Help with integration of the solution with the Edison platform
The next step towards deployment comes with integration of the start-up’s solution on the Edison platform and the Edison Health Link boxes deployed at individual customer sites. The GE technical teams worked with the start-ups on this integration, which allows the solution to also be bundled along with other GE offerings.

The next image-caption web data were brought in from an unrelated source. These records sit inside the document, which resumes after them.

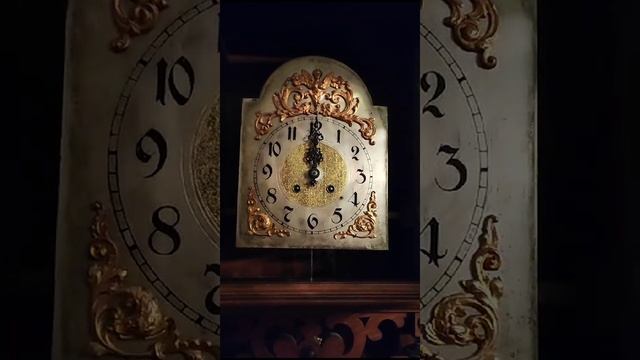 VID-20230910-WA0000.mp4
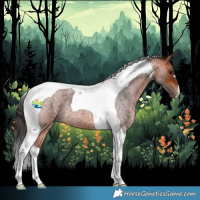 Horse Color:Bay Roan Tobiano 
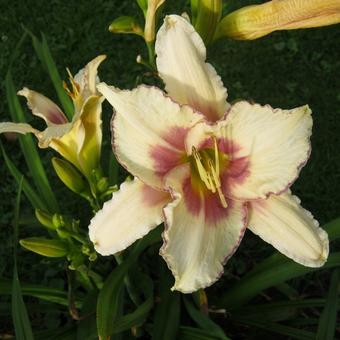 Hemerocallis 'Chicago Picotee Memories'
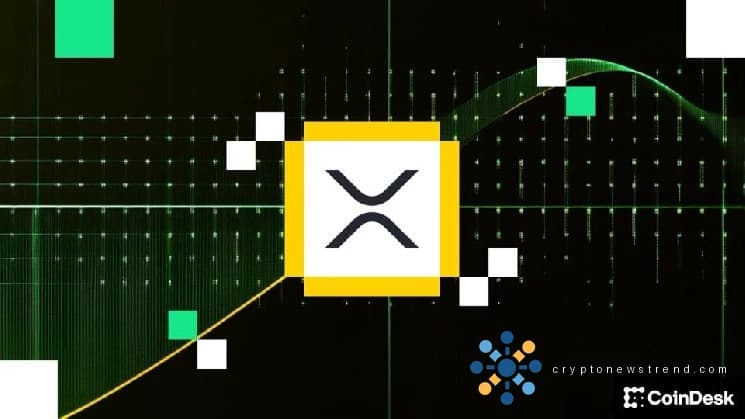 Spot XRP ETFs جنوری کے بعد سب سے زیادہ آمد کو اپنی طرف متوجہ کرتا ہے۔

Help with deployment in virtual sandbox
The final step involves pilot deployment at customer locations where testing of the solution on real world data, back-to-back with traditional processes, gives the start-up invaluable feedback on the on-ground realities of the effectiveness of their solution.
You have successfully completed one cohort, and the second one is about to begin soon... What would you say are your key takeaways so far? What do you expect to achieve in the 2nd cohort?
We are excited by our journey so far and believe there are success stories, with tangible business outcome for start-ups and GE Healthcare. We do intend to intensify our engagement with the Indian start-up ecosystem.
In the second cohort we will be looking at a few themes primarily,
We will also be looking at more mature start-ups who have a soundproof concept and are reasonably close to applying for regulatory approval, in order to accelerate the process of deployment in the market.
Some of the start-ups in your first cohort were developing solutions in line with the demands put forth by COVID19. Your thoughts on the tech/solutions being developed?
In response to the Covid-19 pandemic, two start-ups from the first cohort – Predible Health and 5C Network collaborated to produce solutions to automate the reading of CT Scans from suspected patients resulting in earlier diagnosis. Predible Health already had a solution called LungIQ which was being used to diagnose liver and lung cancer but could be quickly modified to look for signs of Covid-19
Till date, the collaboration has looked at over 800 probable cases with a positive incidence rate between 40 and 50%, and a turnaround time of about 40 minutes.
Going forward, what are the main areas GE Healthcare would like to see innovation in healthcare?
At GE Healthcare our vision is to be ‘the leading innovator enabling precision health’. Our innovations are focused around making that vision a reality. Given that, there are two themes of innovation that the Edison[x] program will focus on:
The first is Advanced imaging, visualization, and reporting. This would involve building solutions for CT Scanning and X-Rays, leveraging Edison capabilities for Computer Aided Detection and Diagnosis. This could also be extended to diagnosis of certain cancers.
The other theme is that of Virtual Hospitals – coordinating care between various healthcare providers, building capability in remote patient health monitoring, and better integration of data and workflows.
Both these themes have operational underpinnings of the use of AI for building operational and clinical efficiency for better patient outcomes and financial viability, while also ensuring safety for frontline health workers. The second cohort of Edison[X] will broadly centre around these two themes.